*** DATA SHOWN ***

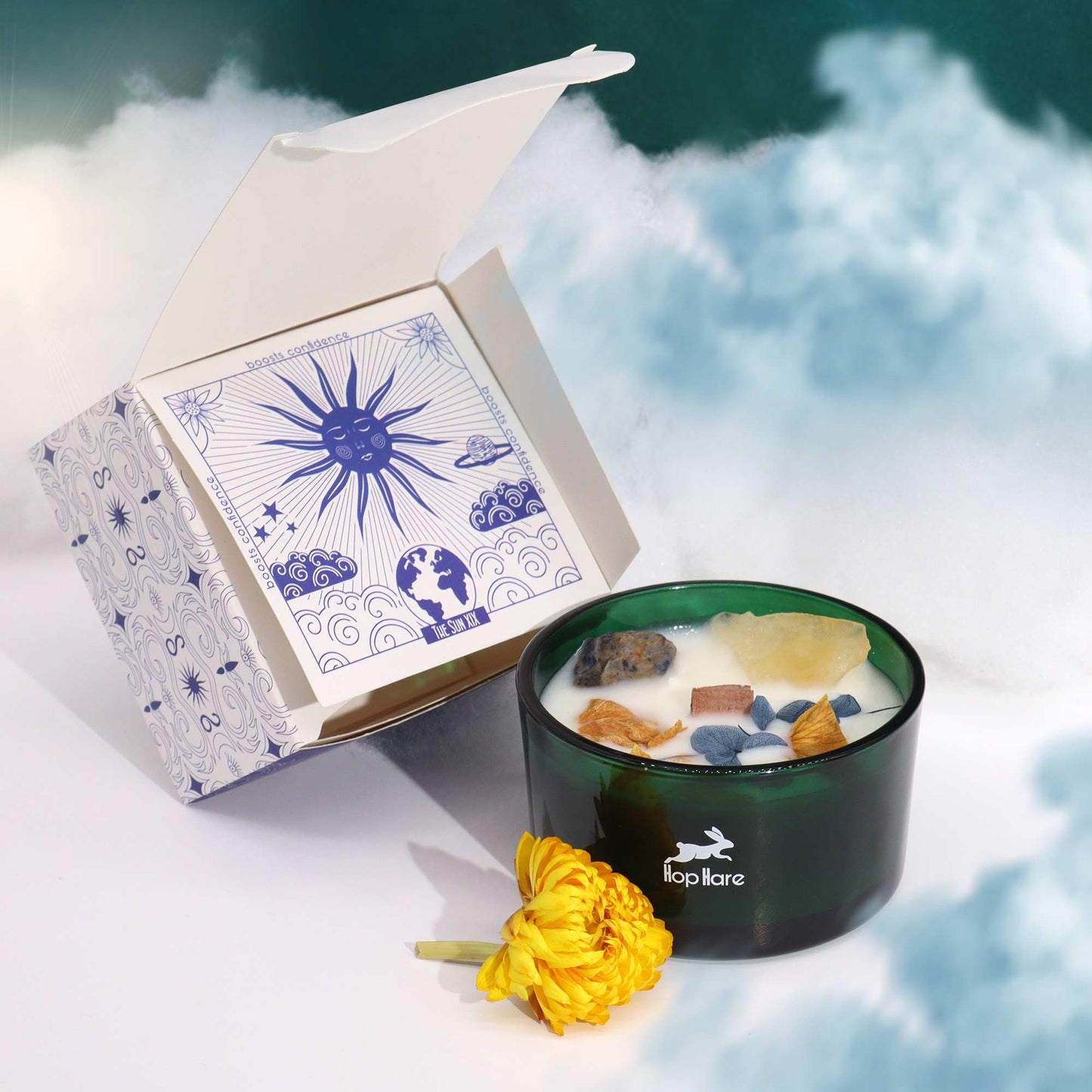Hop Hare Crystal Magic Flower Candle - The Sun detail view 2 at Luna Panther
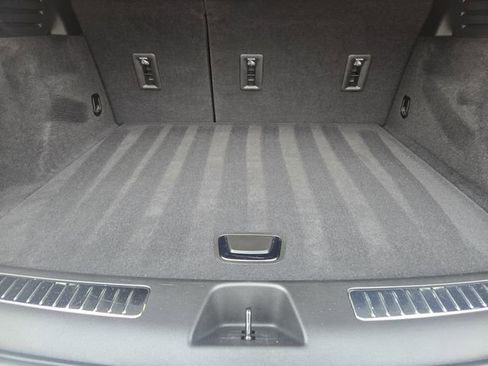 Used 2023 Cadillac XT4 Sport w/ LPO, Onyx Lite Package image 32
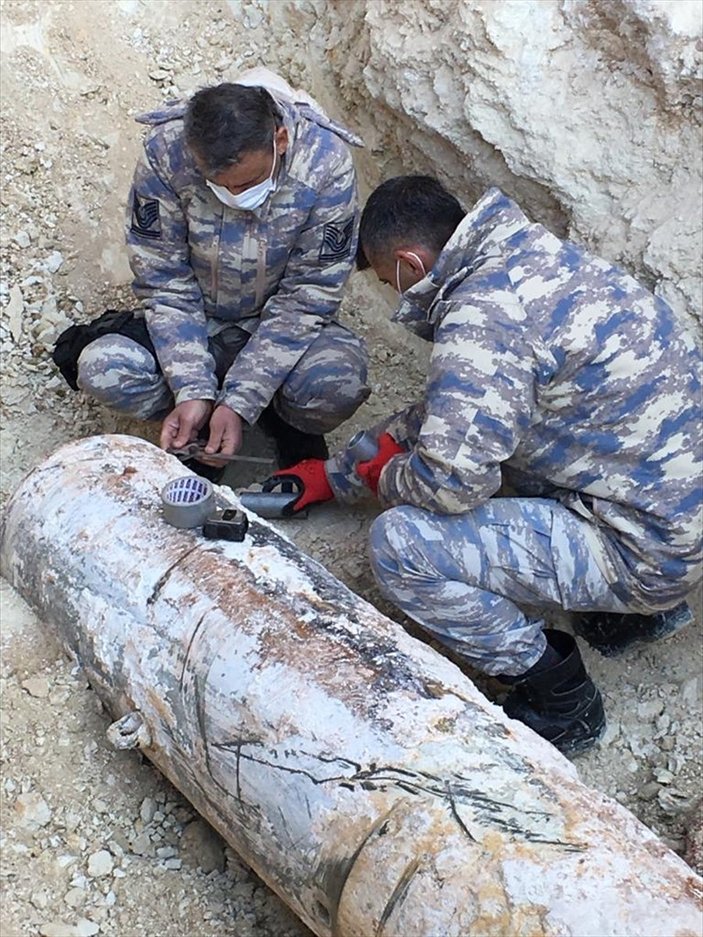 El-Bab'ta tespit edilen 1 tonluk bomba imha edildi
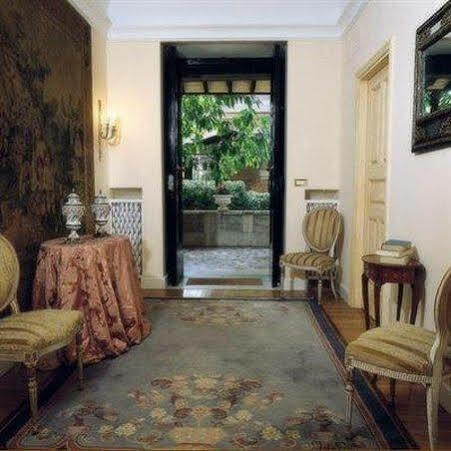 Acomodação com café da manhã  Oriani Roma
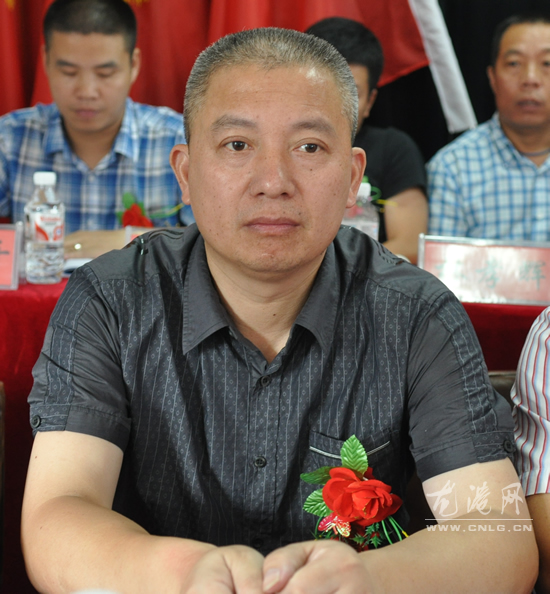 龙港工商联云岩商会召开成立大会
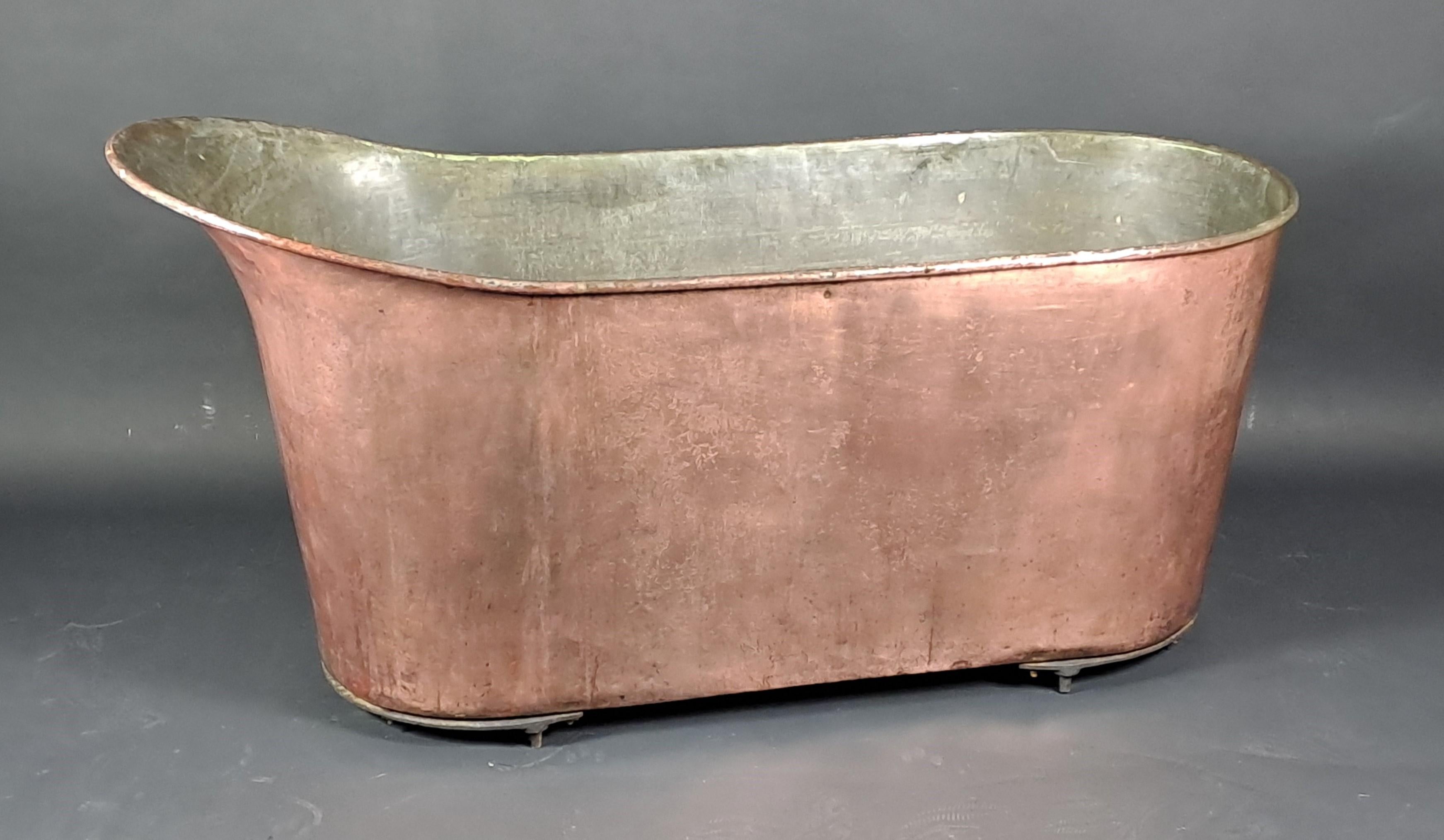 Cuivre Baignoire en cuivre du 19e siècle en vente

*** End of DATA SHOWN ***

- WORK INSTRUCTION -
In copying the listing, reproduce each line exactly and omit the pictures.

- OUTPUT -
Hop Hare Crystal Magic Flower Candle - The Sun detail view 2 at Luna Panther
 Used 2023 Cadillac XT4 Sport w/ LPO, Onyx Lite Package image 32
 El-Bab'ta tespit edilen 1 tonluk bomba imha edildi
 Acomodação com café da manhã  Oriani Roma
 龙港工商联云岩商会召开成立大会
 Cuivre Baignoire en cuivre du 19e siècle en vente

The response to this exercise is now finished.